St. John Residents Take National Park to Task for Decades of Disharmony

From left, V.I. National Park Superintendent Jayne Schaeffer, Delegate to Congress Stacey Plaskett, NPS Southeast Regional Director Stan Austin, and Caribbean Parks Superintendent Randy Lavasseur face a community meeting Thursday on St. John.
From left, V.I. National Park Superintendent Jayne Schaeffer, Delegate to Congress Stacey Plaskett, NPS Southeast Regional Director Stan Austin, and Caribbean Parks Superintendent Randy Lavasseur face a community meeting Thursday on St. John.

A packed room of St. John residents gathered Thursday, for the second time in two weeks, to address National Park management on a host of perennial issues, including land-boundary disputes, scarce local hiring, and what many see as insensitive interpretation and enforcement policies.

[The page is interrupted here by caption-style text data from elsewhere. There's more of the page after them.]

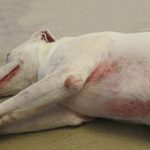 How to Treat Skin Problems in Dogs? Dog Care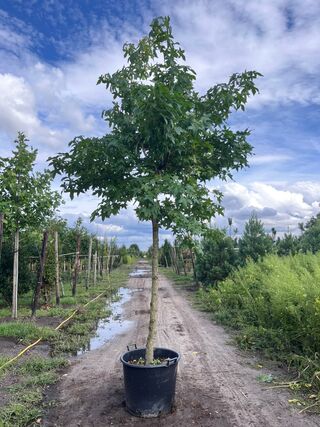 Amberboom, Liquidambar Styraciflua, dakvorm, herfstverkleuring, ca. 4-
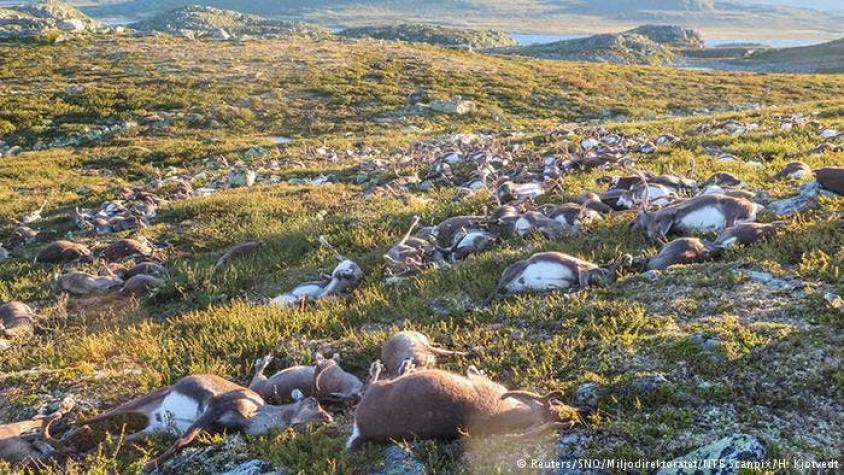 Más de 300 renos mueren en Noruega durante tormenta eléctrica
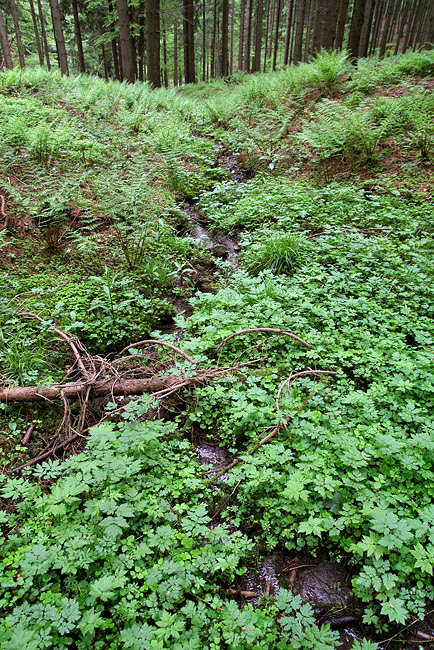 Pramen potoka Léščí II (3359) - červen 2010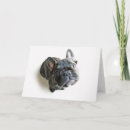 Pesquisar por french bulldog cartoes Purebred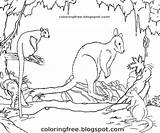 Australian Colouring Animals Outback Marsupial Kangaroo sketch template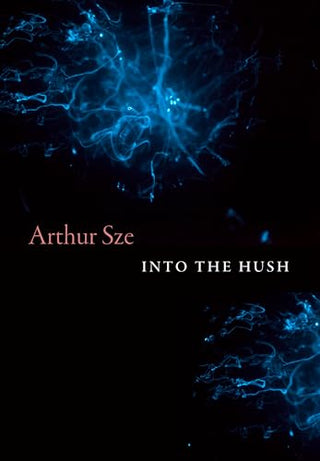 Into the Hush by Arthur Sze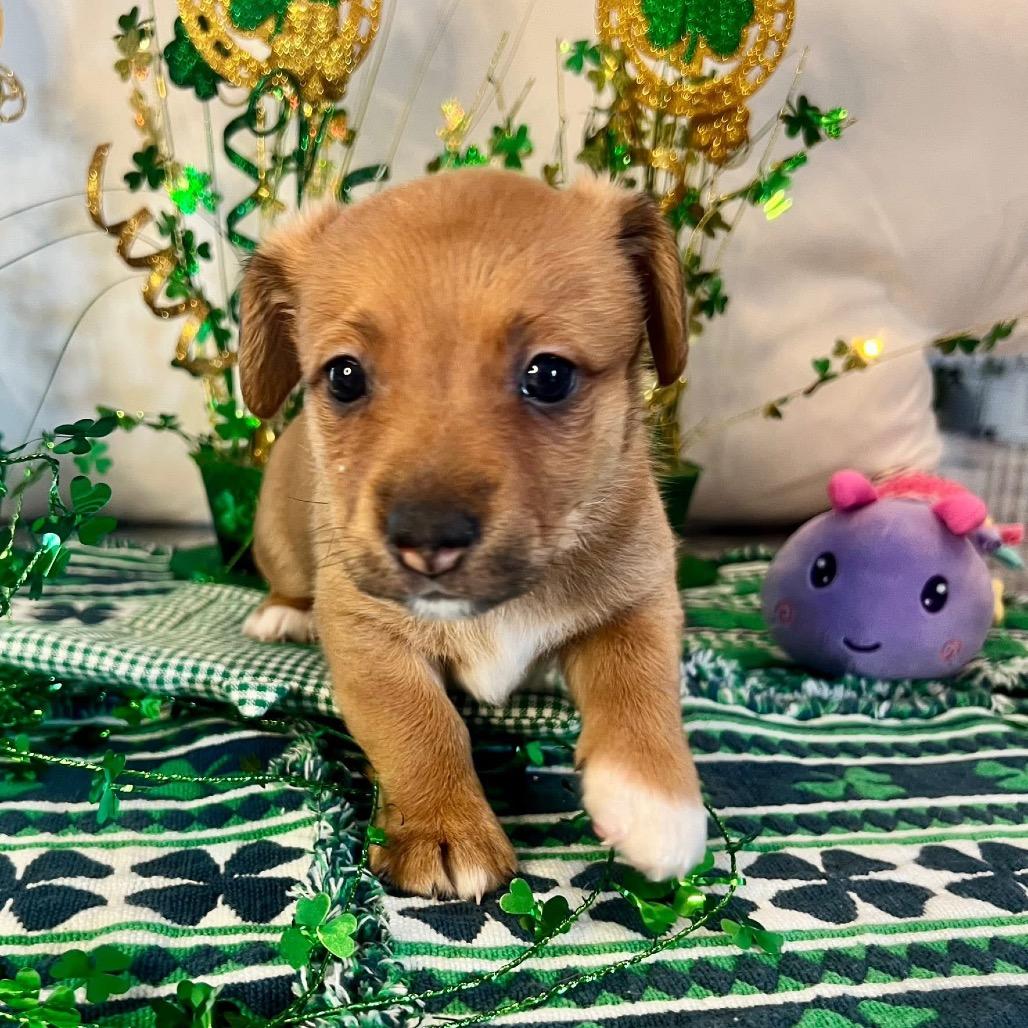 Onyx, Adoptable, Young Female Mixed Breed.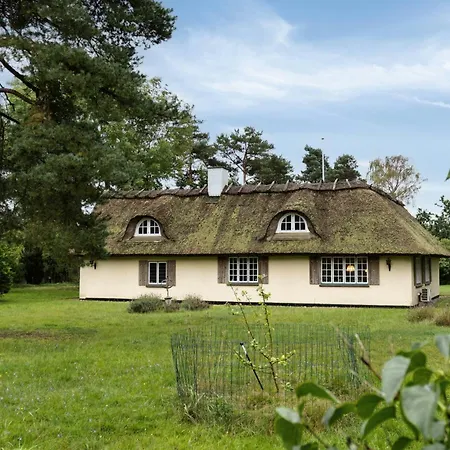 Casa de Férias Historic, Charming House With A Fantastic Garden *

On July 20, the grass-roots organization V.I. Unity Day Group held a community meeting with park officials in response to word that the U.S. National Park Service’s holdings in the Virgin Islands and Puerto Rico would be undergoing an administrative “re-alignment.” (See Related Link: Virgin Islanders Blindsided By Shift in NPS Authority Structure.)

Among the purposes of July’s meeting was to introduce St. John residents to the newly-appointed Caribbean Parks Superintendent Randy Lavasseur, who under the terms of the re-alignment is now the direct supervisor of superintendents on St. Croix and St. John. Lavasseur’s office is based in San Juan, Puerto Rico.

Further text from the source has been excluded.